Side note: Unclear if AIXI would protect it’s own values due to embeddedness problems
That evolution treating obviously instrumental goals as terminal in the construction of humans is confusing to humans is part of my point: humans are often confused about this distinction, and having a body that is confused about this is one of the reasons. But it’s not an essential element, so let’s lay it aside.
So, let’s go with a more complex example. Most Christians have a terminal goal of becoming a better Christian (or at least, they say that it isn’t an instrumental goal of not wanting to go to Hell). That’s a terminal goal of adjusting your terminal goal structure to better fit a specific pattern. That’s, well, astonishingly similar to what Value Learning is trying to achieve. This is not an uncommon pattern, you can find it in basically every religion (often along with a backup reason to make it an instrumental goal of not wanting to be punished in some way). In fact, Richard Dawkins would probably argue that this was a necessary feature of a religion — but then he considers religions to be self-propagating memetic parasites of the human mind, and it that framework, it looks like a rather necessary feature. Regardless of that, the fact that this is not just possible, but common enough that most religious people, i.e. most people in the world, have at least a mild version of it tells us something about humanity.

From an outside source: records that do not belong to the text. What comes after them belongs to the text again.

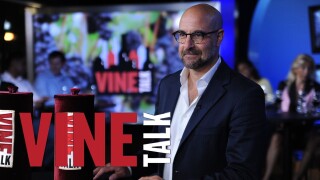 Vine Talk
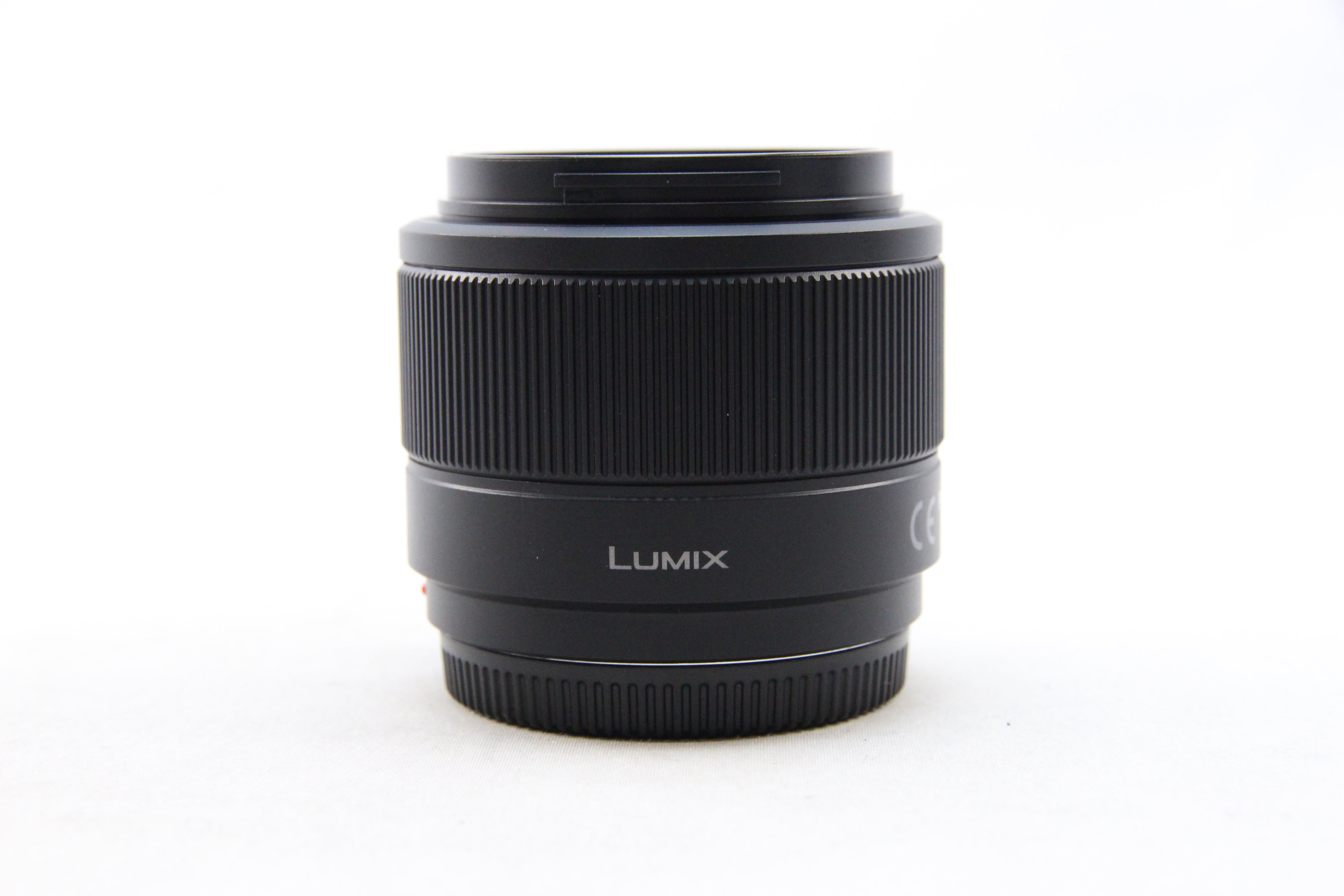 中古(used)】Panasonic LUMIX G 25mm F1.7 ASPH. – トキワカメラ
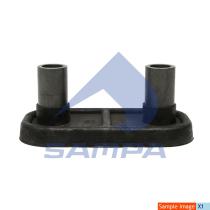 SAMPA 502369 - MOUNTING, ENGINE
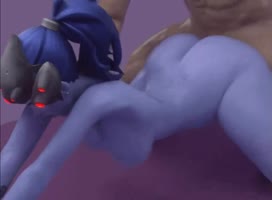 Evil_Audio - Evil Audio's Overwatch Obsession: A Perverted Anime Adventure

On AIXI: yes, I was implicitly assuming an AIXI smart enough to realize that it was in fact embedded, or at least that there exists a causal path from messing with certain wires in its braincase to its future goal function and thus behavior. This seems a rather plausible assumption to me, but it does require that AIXI has learned a world model complex enough to start reliably making predictions like that. Having other AIXIs available to do experimental brain surgery on, or observe the effects of an iron bar accidentally passing through their braincase in different locations, seems likely to be helpful to obtaining evidence that would cause those particular Bayesian updates.